*** Opening of Data records ***
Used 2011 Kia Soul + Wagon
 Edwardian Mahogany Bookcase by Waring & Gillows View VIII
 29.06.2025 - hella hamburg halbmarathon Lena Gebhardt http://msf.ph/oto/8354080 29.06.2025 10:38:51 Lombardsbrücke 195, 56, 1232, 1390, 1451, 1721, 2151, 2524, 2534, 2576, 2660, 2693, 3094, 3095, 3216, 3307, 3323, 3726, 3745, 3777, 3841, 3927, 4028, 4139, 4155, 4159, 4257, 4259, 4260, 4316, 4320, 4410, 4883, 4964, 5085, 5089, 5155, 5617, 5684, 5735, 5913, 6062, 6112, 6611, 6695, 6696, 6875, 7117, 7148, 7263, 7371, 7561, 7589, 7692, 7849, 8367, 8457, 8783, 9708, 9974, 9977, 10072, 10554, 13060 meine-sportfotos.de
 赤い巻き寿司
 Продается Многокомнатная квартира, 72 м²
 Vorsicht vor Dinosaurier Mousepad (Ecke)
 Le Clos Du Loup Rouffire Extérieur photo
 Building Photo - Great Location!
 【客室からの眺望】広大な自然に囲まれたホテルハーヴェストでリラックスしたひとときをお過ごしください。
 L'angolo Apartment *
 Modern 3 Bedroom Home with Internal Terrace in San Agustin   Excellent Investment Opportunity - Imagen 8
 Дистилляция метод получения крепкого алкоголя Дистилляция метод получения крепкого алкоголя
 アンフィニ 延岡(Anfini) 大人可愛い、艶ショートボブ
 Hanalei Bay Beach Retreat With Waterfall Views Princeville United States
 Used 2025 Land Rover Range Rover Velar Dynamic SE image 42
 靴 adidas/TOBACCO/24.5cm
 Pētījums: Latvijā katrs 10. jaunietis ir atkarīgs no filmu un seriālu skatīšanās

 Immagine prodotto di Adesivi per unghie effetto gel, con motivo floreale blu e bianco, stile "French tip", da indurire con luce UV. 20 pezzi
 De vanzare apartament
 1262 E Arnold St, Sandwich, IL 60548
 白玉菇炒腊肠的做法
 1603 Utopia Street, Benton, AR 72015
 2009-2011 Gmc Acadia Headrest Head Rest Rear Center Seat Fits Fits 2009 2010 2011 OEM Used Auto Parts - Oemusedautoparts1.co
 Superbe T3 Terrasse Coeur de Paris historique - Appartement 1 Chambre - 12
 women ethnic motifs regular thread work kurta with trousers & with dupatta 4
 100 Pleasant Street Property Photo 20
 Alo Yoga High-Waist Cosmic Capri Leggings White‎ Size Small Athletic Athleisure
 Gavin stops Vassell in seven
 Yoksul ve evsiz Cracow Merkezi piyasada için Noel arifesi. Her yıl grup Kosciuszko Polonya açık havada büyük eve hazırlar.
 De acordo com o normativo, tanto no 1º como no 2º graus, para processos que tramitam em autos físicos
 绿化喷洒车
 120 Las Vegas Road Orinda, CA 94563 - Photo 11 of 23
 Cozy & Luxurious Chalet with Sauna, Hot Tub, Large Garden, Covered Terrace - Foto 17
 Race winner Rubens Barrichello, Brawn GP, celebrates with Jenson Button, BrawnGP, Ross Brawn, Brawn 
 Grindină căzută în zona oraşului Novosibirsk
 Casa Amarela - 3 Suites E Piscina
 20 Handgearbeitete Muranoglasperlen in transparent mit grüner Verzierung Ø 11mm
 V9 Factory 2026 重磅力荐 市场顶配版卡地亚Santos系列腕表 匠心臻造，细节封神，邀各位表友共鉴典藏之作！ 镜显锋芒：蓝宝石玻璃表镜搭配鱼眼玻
*** Close of Data records ***
**Exercise directions**
Begin with the line above that has "1603 Utopia Street, Benton, AR 72015" and continue through the line that has "Cozy & Luxurious", setting each one down exactly. Stop there.

**Reply to the task**
 1603 Utopia Street, Benton, AR 72015
 2009-2011 Gmc Acadia Headrest Head Rest Rear Center Seat Fits Fits 2009 2010 2011 OEM Used Auto Parts - Oemusedautoparts1.co
 Superbe T3 Terrasse Coeur de Paris historique - Appartement 1 Chambre - 12
 women ethnic motifs regular thread work kurta with trousers & with dupatta 4
 100 Pleasant Street Property Photo 20
 Alo Yoga High-Waist Cosmic Capri Leggings White‎ Size Small Athletic Athleisure
 Gavin stops Vassell in seven
 Yoksul ve evsiz Cracow Merkezi piyasada için Noel arifesi. Her yıl grup Kosciuszko Polonya açık havada büyük eve hazırlar.
 De acordo com o normativo, tanto no 1º como no 2º graus, para processos que tramitam em autos físicos
 绿化喷洒车
 120 Las Vegas Road Orinda, CA 94563 - Photo 11 of 23
 Cozy & Luxurious Chalet with Sauna, Hot Tub, Large Garden, Covered Terrace - Foto 17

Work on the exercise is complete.